Your task =>
Everything from the line containing "Von Baer 10x" to the end of the listing, both included, should be returned exactly, apart from the pictures.

Data excerpt =>

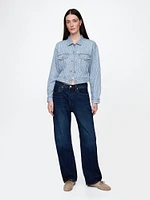 UltraSoft Denim Stripe Cropped Icon Jacket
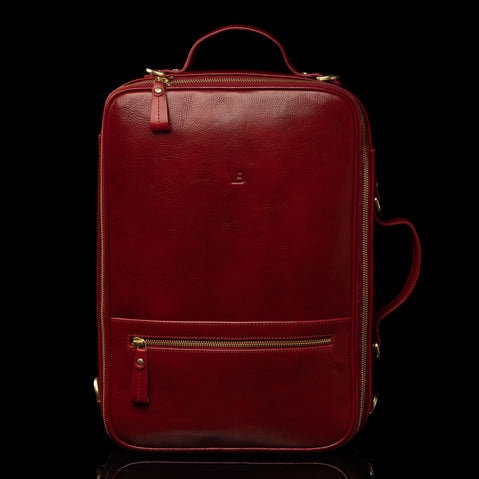 Von Baer 10x women's high-quality leather laptop travel bag in red, front view.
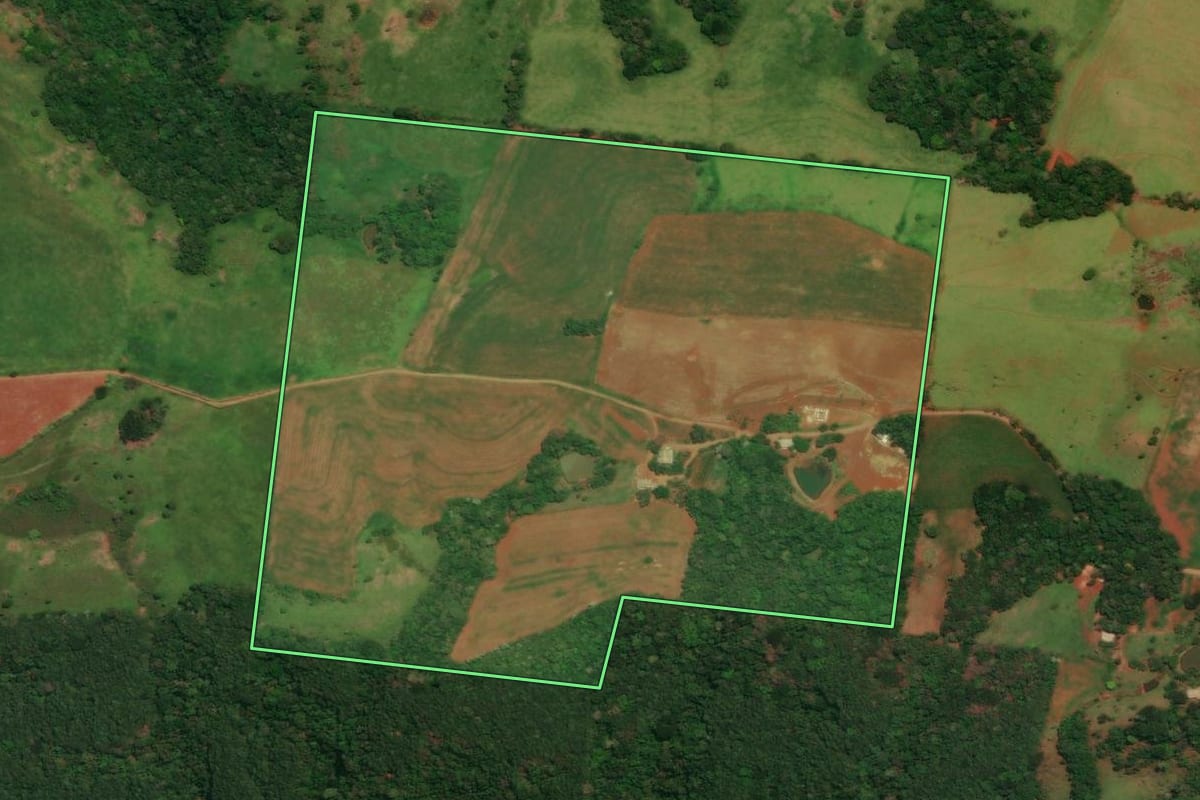 Imagem de satélite do imóvel rural em Guaraniaçu (PR), com o contorno declarado no CAR desenhado por cima.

Task answer =>
 Von Baer 10x women's high-quality leather laptop travel bag in red, front view.
 Imagem de satélite do imóvel rural em Guaraniaçu (PR), com o contorno declarado no CAR desenhado por cima.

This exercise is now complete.